Speakers of different dialects will, firstly, argue whether it should be do or does, depending on whether you consider corporations grammatically singular or plural for the purpose of conjugating verbs. However, that ultimately doesn't matter either.
Consider:
It is clear that we do find examples of 'poor', non-standard written English from major publishers.
Here is a that-subjunctive emphasised with do. It is conjugated correctly for the pronoun we. It seems weird in isolation, but it would come after a suggestion that major publishers only publish 'good', standard English - but we do find examples, so that can't be true.
The difference here is that we do (or can) find those examples now. In your example, it's not something that is even hypothetically happening now.

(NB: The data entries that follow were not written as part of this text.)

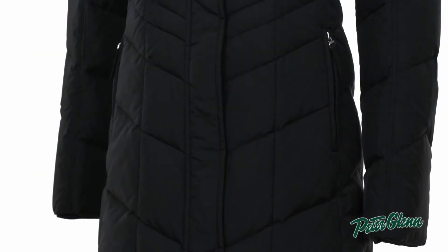There are a couple pockets on this jacket — two at the waist and one on the inside. All three of them are zippered, so if you have stuff in there, it's going to stay nice and secure.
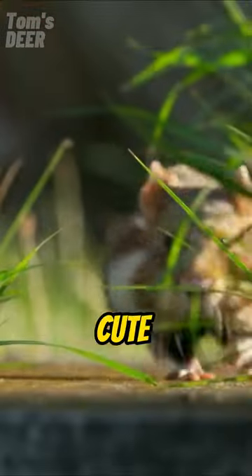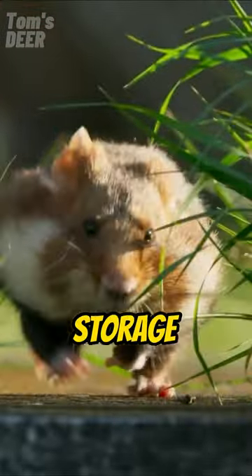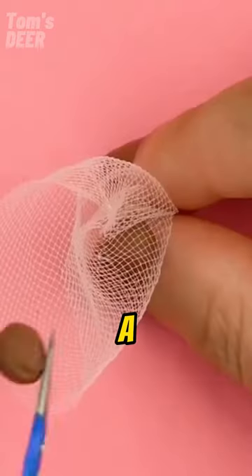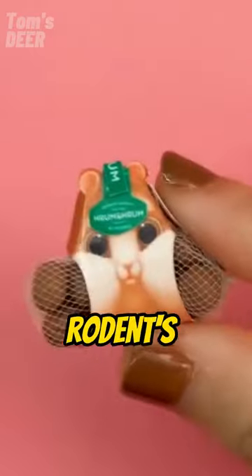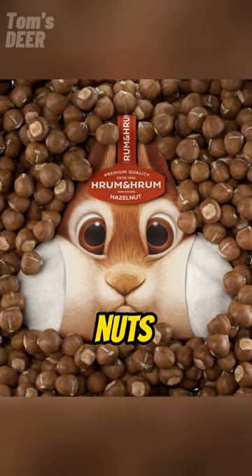Have you seen this nut packaging? Cute rodents that use their cheeks as storage are cleverly used in this packaging. When a pouch is filled with nuts and placed inside, the pouch looks like a rodent's cheeks — so we see a rodent with nuts stored in its cheeks.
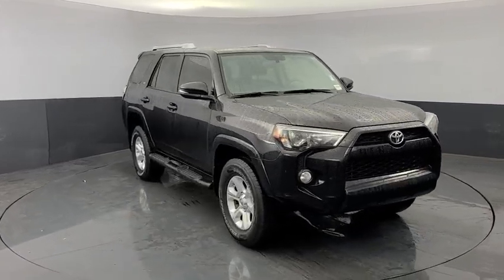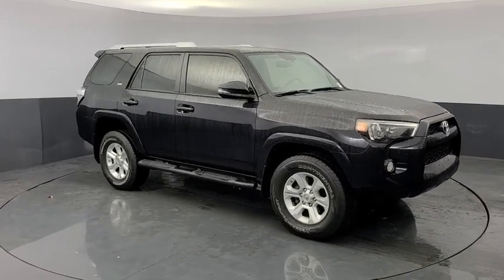This vehicle has less than 55,000 miles. Here are some of this vehicle's great options.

It's something that may be happening in the future. Thus, an emphatic auxiliary verb is harder to find. However, you can emphasise the effect with a semantic difference, by saying:
The country demanded that Boeing must pay a $1 billion penalty...
This is clunky, awkward language, but it provides emphasis. If you really must have the emphasis, this is an option.
You could also emphasise it by using an alternative verb from pay, though most of the options are colloquial and may be dialect specific. For example, fork over, stump up, or pay out.
What would be most appropriate depends on context, audience, and why you want to emphasise pay.